• _Information provided_

↓↓↓

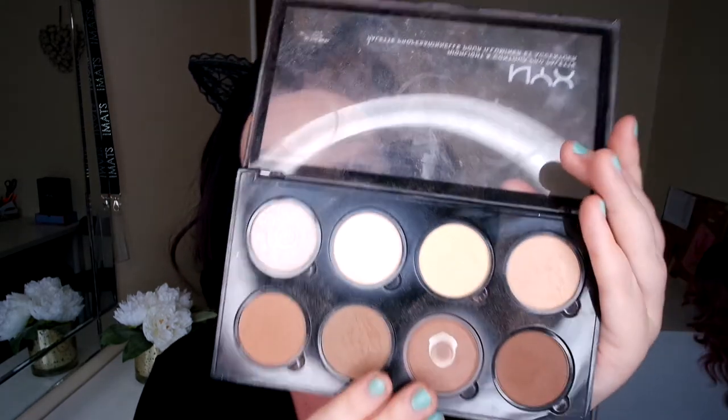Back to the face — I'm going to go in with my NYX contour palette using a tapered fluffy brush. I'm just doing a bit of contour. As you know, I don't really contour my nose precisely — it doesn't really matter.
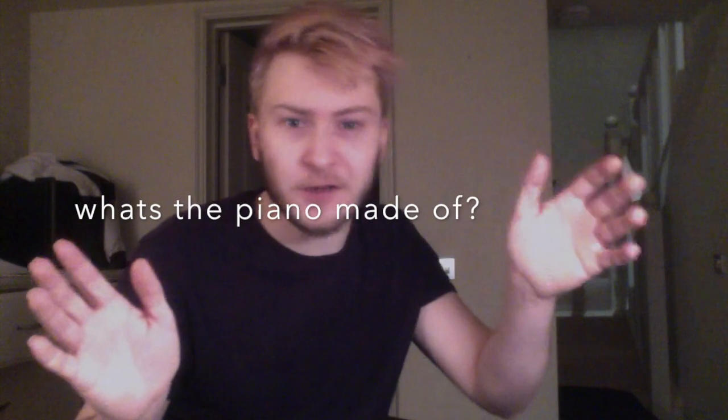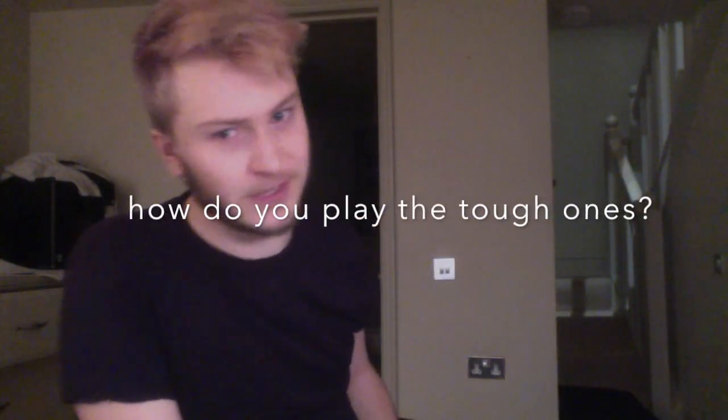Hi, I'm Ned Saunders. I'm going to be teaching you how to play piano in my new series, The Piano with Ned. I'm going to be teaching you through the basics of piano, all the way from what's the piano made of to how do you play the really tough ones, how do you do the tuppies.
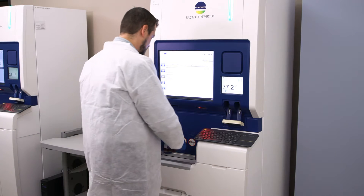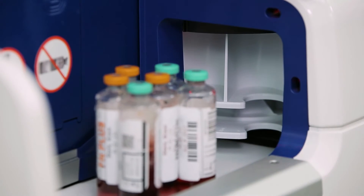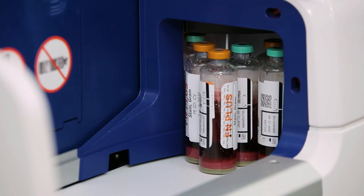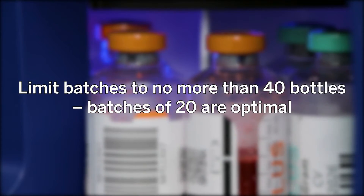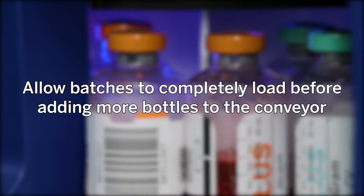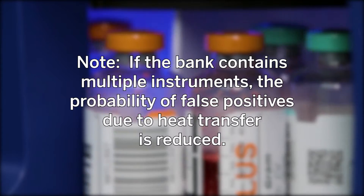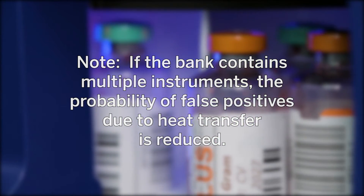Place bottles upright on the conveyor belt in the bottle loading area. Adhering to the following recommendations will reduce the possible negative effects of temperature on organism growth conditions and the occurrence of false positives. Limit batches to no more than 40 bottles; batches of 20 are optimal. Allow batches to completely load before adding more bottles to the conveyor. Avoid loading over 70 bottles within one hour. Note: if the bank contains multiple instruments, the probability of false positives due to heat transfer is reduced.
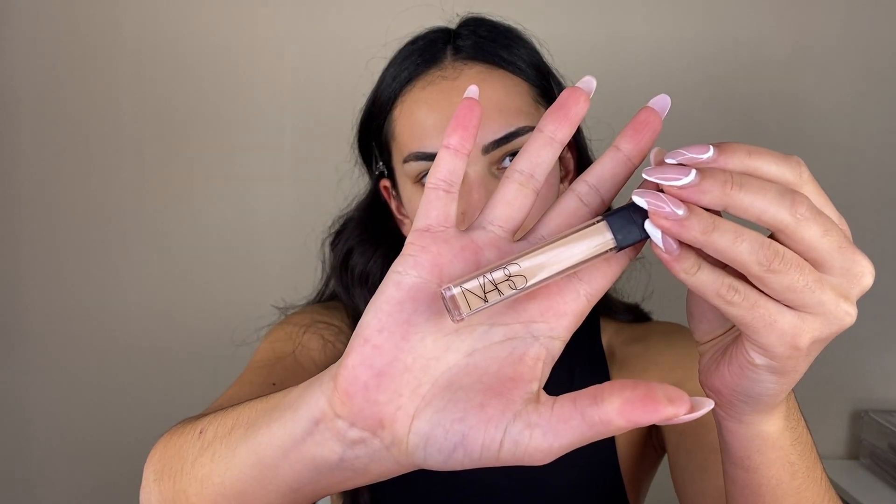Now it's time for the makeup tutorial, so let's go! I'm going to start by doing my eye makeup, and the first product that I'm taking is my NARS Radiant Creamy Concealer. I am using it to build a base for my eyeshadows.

↑↑↑

• _Your goal_
Word-for-word transcript, pictures excluded: copy all the material above.

• _Answer to this exercise_
Back to the face — I'm going to go in with my NYX contour palette using a tapered fluffy brush. I'm just doing a bit of contour. As you know, I don't really contour my nose precisely — it doesn't really matter.
Hi, I'm Ned Saunders. I'm going to be teaching you how to play piano in my new series, The Piano with Ned. I'm going to be teaching you through the basics of piano, all the way from what's the piano made of to how do you play the really tough ones, how do you do the tuppies.
Place bottles upright on the conveyor belt in the bottle loading area. Adhering to the following recommendations will reduce the possible negative effects of temperature on organism growth conditions and the occurrence of false positives. Limit batches to no more than 40 bottles; batches of 20 are optimal. Allow batches to completely load before adding more bottles to the conveyor. Avoid loading over 70 bottles within one hour. Note: if the bank contains multiple instruments, the probability of false positives due to heat transfer is reduced.
Now it's time for the makeup tutorial, so let's go! I'm going to start by doing my eye makeup, and the first product that I'm taking is my NARS Radiant Creamy Concealer. I am using it to build a base for my eyeshadows.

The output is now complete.